Chen Linfei, Peng BoYan, Gan Wenwen, Liu Yuanqian
Opt Express. 2020 Sep 14;28(19):28154-28163. doi: 10.1364/OE.402958.
The image encryption system based on joint transform correlation has attracted much attention because its ciphertext does not contain complex value and can avoid strict pixel alignment of ciphertext when decryption occurs. This paper proves that the joint transform correlation architecture is vulnerable to the attack of the deep learning method-convolutional neural network. By giving the convolutional neural network a large amount of ciphertext and its corresponding plaintext, it can simulate the key of the encryption system.
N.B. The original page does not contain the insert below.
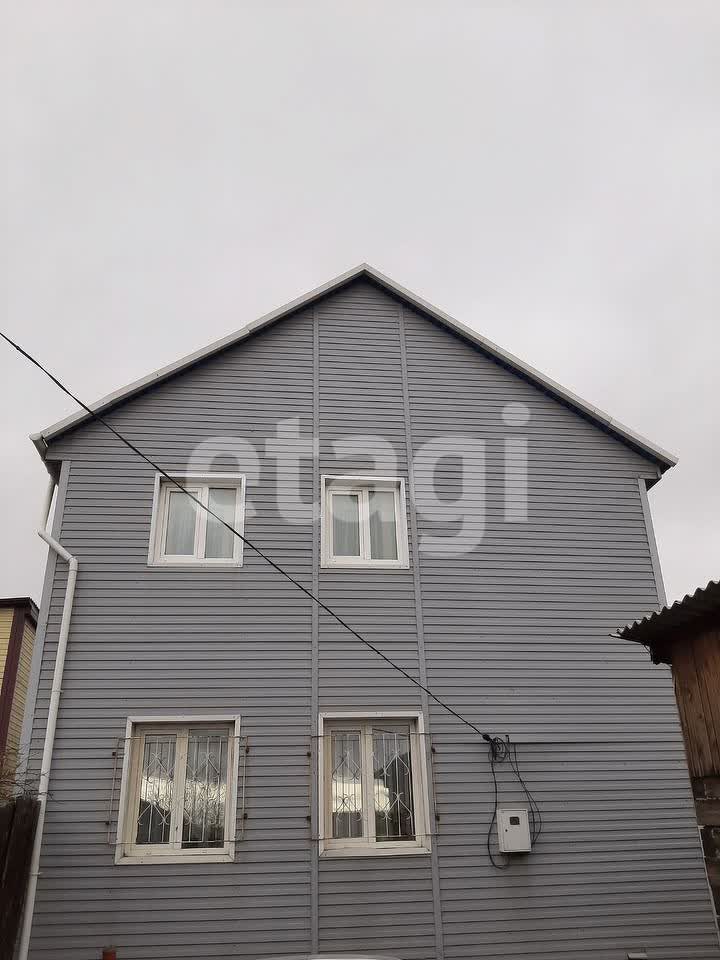 Продажа дома, 81м <sup>2</sup>, 14 сот., Улан-Удэ, Республика Бурятия,  Железнодорожный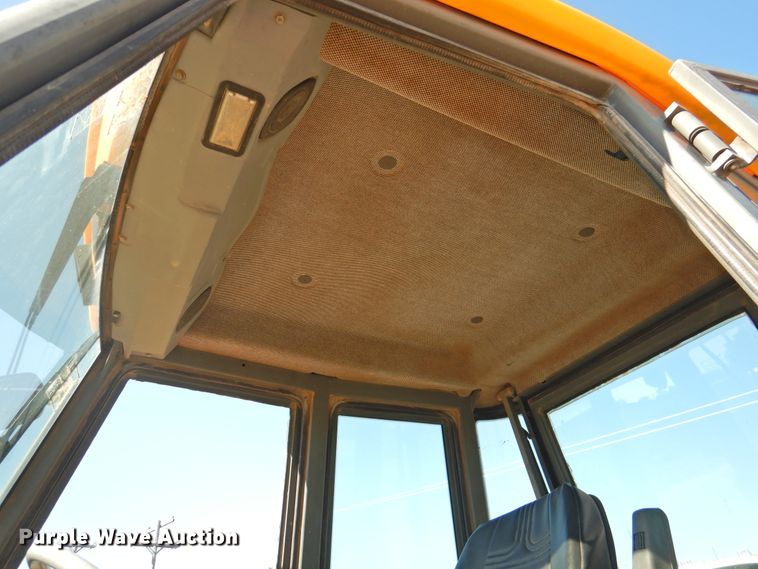 image for item DK2270 1993 JCB 214  backhoe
Unlike the traditional method which uses the phase recovery algorithm to retrieve or estimate optical encryption key, the key model trained in this paper can directly convert the ciphertext to the corresponding plaintext. Compared with the existing neural network systems, this paper uses the sigmoid activation function and adds dropout layers to make the calculation of the neural network more rapid and accurate, and the equivalent key trained by the neural network has certain robustness. Computer simulations prove the feasibility and effectiveness of this method.
基于联合变换相关的图像加密系统因其密文不包含复数值且在解密时可避免密文的严格像素对齐而备受关注。本文证明了联合变换相关架构易受深度学习方法——卷积神经网络的攻击。通过给卷积神经网络大量密文及其对应的明文,它可以模拟加密系统的密钥。与传统的使用相位恢复算法来检索或估计光学加密密钥的方法不同,本文训练的密钥模型可以直接将密文转换为相应的明文。与现有的神经网络系统相比,本文使用sigmoid激活函数并添加了随机失活层,以使神经网络的计算更加快速准确,并且神经网络训练得到的等效密钥具有一定的鲁棒性。计算机模拟证明了该方法的可行性和有效性。